Un millón de seguidores obliga a informar: cuanto más famoso, más control se sufre

En las redes sociales, un millón de seguidores solía considerarse una recompensa por la influencia. Pero con las nuevas normas reguladoras, esa cifra también implica un nivel especial de atención por parte de las autoridades reguladoras. El Decreto 147/2024/NĐ-CP establece nuevas responsabilidades para los usuarios y los titulares de cuentas, canales y grupos en las redes sociales.

Lo que hay que debatir no son solo los trámites o la información que hay que facilitar, sino la línea divisoria entre una regulación destinada a garantizar el cumplimiento de la ley y una regulación que llega al punto de obligar a los usuarios a autocensurar sus propias palabras. Cuantos más seguidores tenga una cuenta, más peso tendrá su voz; y es precisamente ese peso el que hace que la cuestión de la responsabilidad, la privacidad y la libertad de expresión sea más delicada que nunca.

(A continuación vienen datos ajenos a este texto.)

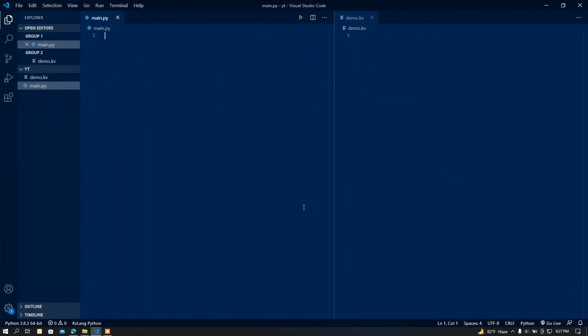Hey, what is up people, this is us, I'm back again with another video. In this video I'm going to show you how you can use widgets from another class or screen. This is a Kivy related video, so let's begin.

Las redes sociales fueron elogiadas en su día por dar a cada persona un micrófono. Pero si ese micrófono viene acompañado de demasiadas miradas vigilantes, ¿se atreverá quien lo empuñe a decir lo que piensa? La gestión de contenidos es una cosa; crear una mentalidad de «tener que mirar a左右 antes de decir algo» es otra muy distinta. La pregunta final no es quién tiene un millón de seguidores, sino: ¿cuántas voces independientes puede tener una sociedad si la gente siempre tiene que pensárselo dos veces antes de hablar?